Meraup Rezeki dari Jajanan Buroncong

Basri dan istrinya Sitti Rabiah - (foto by: Ardi Jaho)

CELEBESMEDIA.ID, Makassar - Buroncong, salah satu kue tradisional khas Sulawesi Selatan. Konon menurut cerita, dulu kue buroncong dikonsumsi oleh para pejuang gerilyawan di Sulawesi Selatan untuk menahan rasa lapar pengganti makanan berat.

Meski telah ada sejak dulu, namun jajanan bercita rasa manis dan gurih ini masih bisa dijumpai hingga kini.

Tak sulit menemukan penjual kudapan berbahan dasar santan dan terigu ini  Terutama pada pagi hari. Asap telah mengepul dari gerobak para penjual buroncong yang berbaris rapi menanti pembeli di tepi jalan Kota Makassar. 

Basri, salah satu dari sekian banyak penjual buroncong yang menggantungkan hidup dengan menjajakan kue tradisional tersebut. 

Pagi itu masih gelap. Usai menunaikan salat Subuh, Basri ditemani istrinya Siti Rabiah tengah sibuk mempersiapkan segala kebutuhan untuk membuat adonan buroncong.

Satu per satu bahan mulai disiapkan. Siti Rabiah sibuk mencampurkan adonan ke dalam wadah. Sementara Basri suaminya, mulai menyalakan mesin sepeda motornya.

Basri kelahiran tahun 1960-an asal Takalar mulai mengendarai sepeda motornya. Istrinya dengan posisi duduk yang sempurna di atas motor memegang erat adonan buroncong yang dibawanya menggunakan sebuah wadah tertutup.

Jarak antara Kabupaten Takalar ke Makassar cukup jauh, membutuhkan waktu tempuh kurang lebih 1 jam 30 menit. 

"Jadi setiap paginya setelah menunaikan sholat subuh, saya dan istri menyiapkan semua bahan adonan untuk membuat kue broncong, bahan yang disiapkan seperti kelapa, terigu, mentega, tepung, gula, dan garam, setelah adonan selesai dibuat lalu dibawa ke Makassar untuk dijual," ucap Basri kepada CELEBESMEDIA.ID, Minggu (20/3/2022).

Pasangan suami istri ini telah berjualan buroncong sejak tahun 1993. Awalnya mereka berjualan di daerah Takalar, namun karena pembeli yang sedikit sehingga mereka memutuskan untuk berjualan di Makassar tepatnya di Jalan Hertasning.

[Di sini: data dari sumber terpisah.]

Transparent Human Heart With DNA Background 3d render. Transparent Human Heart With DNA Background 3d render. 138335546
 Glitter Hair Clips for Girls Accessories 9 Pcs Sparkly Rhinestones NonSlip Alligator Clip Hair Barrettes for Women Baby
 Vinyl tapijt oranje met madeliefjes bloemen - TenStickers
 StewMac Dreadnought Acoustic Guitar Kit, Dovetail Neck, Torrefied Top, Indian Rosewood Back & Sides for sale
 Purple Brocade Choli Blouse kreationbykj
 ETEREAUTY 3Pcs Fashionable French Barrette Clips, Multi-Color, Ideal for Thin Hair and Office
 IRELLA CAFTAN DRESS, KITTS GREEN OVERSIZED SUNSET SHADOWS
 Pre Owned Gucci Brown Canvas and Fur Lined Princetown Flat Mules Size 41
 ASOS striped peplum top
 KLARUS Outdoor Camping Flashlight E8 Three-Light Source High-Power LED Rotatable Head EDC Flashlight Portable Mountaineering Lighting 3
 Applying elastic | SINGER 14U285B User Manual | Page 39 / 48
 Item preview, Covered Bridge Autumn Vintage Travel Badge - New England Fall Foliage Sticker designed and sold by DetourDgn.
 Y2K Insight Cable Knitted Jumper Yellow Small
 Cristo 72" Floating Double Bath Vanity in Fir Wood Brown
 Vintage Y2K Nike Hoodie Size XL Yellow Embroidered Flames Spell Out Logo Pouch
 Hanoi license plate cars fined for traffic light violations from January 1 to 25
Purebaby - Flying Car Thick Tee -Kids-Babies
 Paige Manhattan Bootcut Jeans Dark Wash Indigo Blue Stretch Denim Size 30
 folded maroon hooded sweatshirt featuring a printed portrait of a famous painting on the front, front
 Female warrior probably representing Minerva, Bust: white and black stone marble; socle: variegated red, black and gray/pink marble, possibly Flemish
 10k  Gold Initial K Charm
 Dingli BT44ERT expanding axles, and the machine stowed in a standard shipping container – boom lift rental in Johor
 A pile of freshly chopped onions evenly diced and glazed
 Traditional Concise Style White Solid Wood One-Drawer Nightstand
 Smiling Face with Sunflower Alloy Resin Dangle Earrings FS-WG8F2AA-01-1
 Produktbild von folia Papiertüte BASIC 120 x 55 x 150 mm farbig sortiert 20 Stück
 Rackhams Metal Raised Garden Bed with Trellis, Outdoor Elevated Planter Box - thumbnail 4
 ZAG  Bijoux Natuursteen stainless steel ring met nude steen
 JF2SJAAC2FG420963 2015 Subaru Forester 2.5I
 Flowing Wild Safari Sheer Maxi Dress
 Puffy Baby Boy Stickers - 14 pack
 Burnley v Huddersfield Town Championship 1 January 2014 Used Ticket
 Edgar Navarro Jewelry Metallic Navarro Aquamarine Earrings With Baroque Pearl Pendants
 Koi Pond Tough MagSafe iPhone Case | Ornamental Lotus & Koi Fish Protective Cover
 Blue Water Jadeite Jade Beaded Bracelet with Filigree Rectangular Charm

"Jadi pembuatan kue broncong diajarkan oleh orang tua, dan sudah diwarisi dari turun temurun, awalnya hanya menjual di kampung halaman Kabupaten Takalar, namun karena setiap tahun semakin sedikit pembeli, saya mencoba menjual di Makassar pada tahun 1993, dan Alhamdulillah pembelinya banyak sekali, dan sampai sekarang masih berjualan di pinggir Jalan Hertasning," ucapnya.

Mereka tampak kompak berbagi tugas setelah tiba di lokasi berjualan. Basri membersihkan gerobak dan menyiapkan kayu bakar, sementara istrinya yang memanggang adonan kue broncong. Asap perlahan mengepul, hanya butuh sekitar 3 menit buroncong hangat siap disantap.

Dengan berjualan pagi hingga sore hari, penghasilan yang didapatkan diakui Basri sudah dapat memenuhi kebutuhan hidup keluarganya. Tetapi jika hari hujan penghasilan yang diperoleh lebih sedikit karena pembeli yang sepi. 

"Alhamdulillah. dengan berjualan buroncong di Jalan Hertasning ini terbilang bagus, karena pembelinya lumayanlah, per hari keuntungan bisa Rp100 ribu sampai Rp200 ribu, meski bahan pokok naik, saya tetap menjual dengan harga normal Rp1.000 per buah," tutupnya.